The common wisdom when it comes to trilogies is that the third movie in the trilogy shits the bed. That’s not always true, of course, but it’s certainly true often enough that we come to expect that a third movie in a given series is going to be a letdown. With the possible exception of The Godfather Trilogy, there may not be a bigger drop off in quality than Alien3. I’m sure there are a lot of other possibilities. You can fight it out in the comments below; that’s what a comments section is for, after all.

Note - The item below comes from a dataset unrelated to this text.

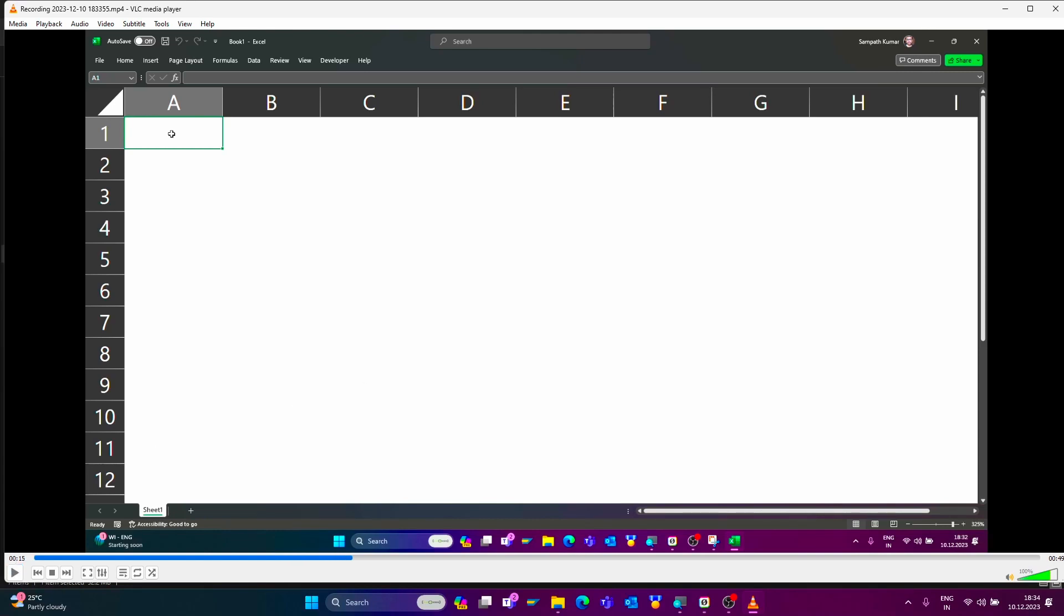Yes, Snipping Tool recorded my computer screen. That's it for today's video tutorial. Please subscribe to my YouTube channel. Thank you.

It’s actually not too surprising in this case, though. Alien is one of the best science fiction action movies of the last 40 years and Aliens is one of the best science fiction movies ever made. Alien3 would have to be nearly perfect to even play in the same ballpark. Sadly, it’s filled with a number of problems. Also, just to save myself the pain in the backside of having to type the superscript for this movie, I’m going to stop doing it until the end of this. Finally, you can assume that the rest of this review is going to be filled with spoilers. I’m not putting it under a spoiler tag because I don’t really care that much about spoiling this movie.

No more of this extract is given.